Grandi personalità nel campo dell'opera buffa furono Paisiello, Domenico Cimarosa (Il matrimonio segreto) e, a Venezia Baldassarre Galuppi e Piccinni, che musicarono testi di Goldoni. Erede dell'opera buffa, nell'ottocento, fu Rossini che diede i massimi e ultimi capolavori del genere (L'Italiana in Algeri, Il barbiere di Siviglia).
L'opera seria
Nel Settecento il libretto acquistò, grazie all'opera di poeti quali Zeno e Metastasio, un'alta dignità letteraria. La struttura musicale assunse al contrario l'aspetto schematico di una sistematica alternanza di recitativi, cui era affidato lo sviluppo dell'azione, e di arie che assolvevano la funzione di pause liriche e presentavano una scrittura vocale altamente virtuosistica; l'orchestra non aveva episodi autonomi a eccezione della sinfonia d'apertura, in tre movimenti (allegro, adagio, allegro) mentre praticamente assente era il coro.
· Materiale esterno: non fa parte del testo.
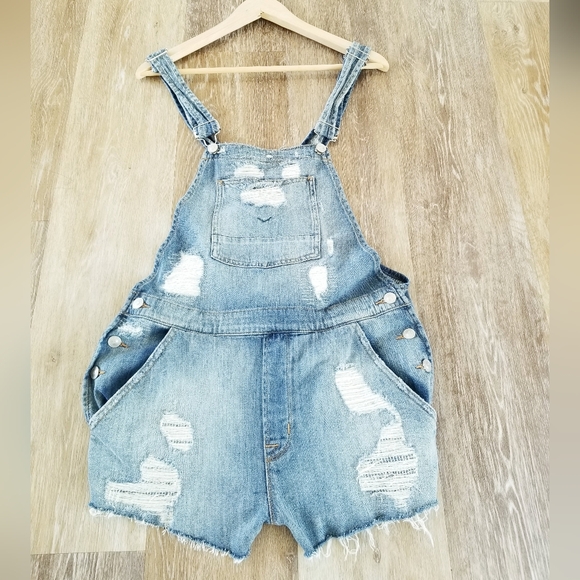 Hudson Jeans Florence Shortall Overalls Shorts Southpaw Boho Casual Distressed - Picture 5 of 13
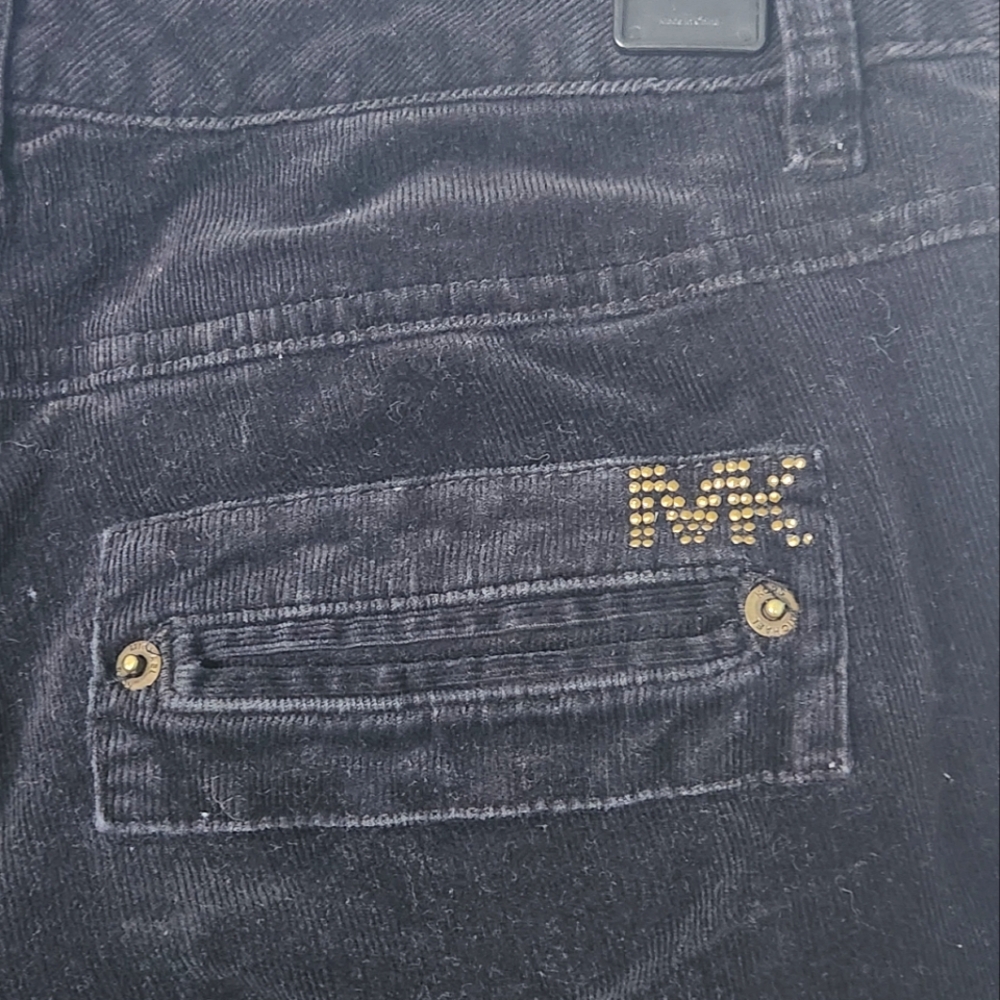 Michael Kors Black Corduroy Straight Leg Pants Size 6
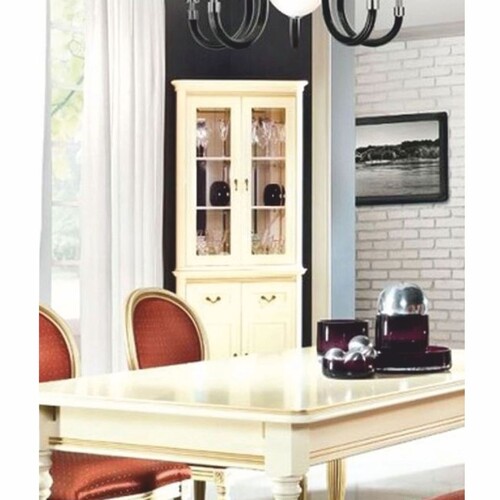 Casa Padrino Luxus Barock Eckvitrine Creme / Gold H. 206,6 cm - Barock Esszimmer Mbel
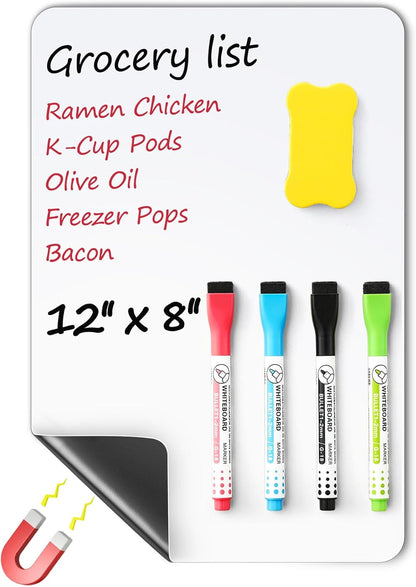 4 PACK Magnetic Dry Erase Board Sheet for Fridge, 12"x8" Erasable Refrigerator WhiteBoard w/ 6 Markers & 1 Eraser- Smooth and Flexible Small Magnet Blank Notepad for Home Kitchen Organizer and Planner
Questo modello operistico destinato ad imporsi in pochi decenni su tutte le scene europee si sviluppò soprattutto nell'ambito della scuola napoletana, che contò tra i suoi primi rappresentanti F. Provenzale e A. Scarlatti: quest'ultimo in particolare elaborò i modelli stilistici successivamente ripresi da Porpora, Vinci, Leo, Hasse, Pergolesi e in parte da Handel. A tale schema formale si attenne la maggior parte dei musicisti italiani del secondo Settecento: Latilla, Piccinni, Sarti, Sacchini, Salieri; una sua diretta influenza si percepisce anche nelle prime opere di Gluck e nelle opere serie di Mozart.
L'opera seria si rinnova
Facendo seguito ai tentativi di alcuni operisti quali Jommelli e Tommaso Traetta di superare il rigido schematismo dell'opera seria, Gluck si fece promotore, con Orfeo (1762) e con Alceste (1767), di una riforma volta a valorizzare l'elemento poetico, subordinato dagli Italiani agli astratti valori musicali, a contenere il virtuosismo vocale, a conferire maggiore libertà formale alla struttura delle arie e degli atti, a potenziare le parti, a colmare la distanza stilistica tra recitativo e aria, a superare infine attraverso un'intuizione drammatica più semplice e incisiva l'aulica e distaccata intonazione espressiva dell'opera italiana.
Atto II scena 3° dell'opera Alceste di C.W.Gluck (1767)
Le opere di Gluck ebbero una notevole influenza sull'ambiente musicale francese e su alcuni dei maggiori operisti italiani del tardo settecento e del primo ottocento: in particolare Sacchini, Spontini, Salieri e Cherubini.
In misura inferiore condizionarono l'opera di Mozart che, da un lato, si rifece allo schema dell'opera seria italiana (La clemenza di Tito), dall'altro, attuò una sintesi del dramma serio con elementi stilistici dell'opera buffa e del sinfonismo strumentale (Le nozze di Figaro, Don Giovanni) e proseguì la tradizione tedesca del Singspiel (Il ratto del serraglio, Il Flauto magico).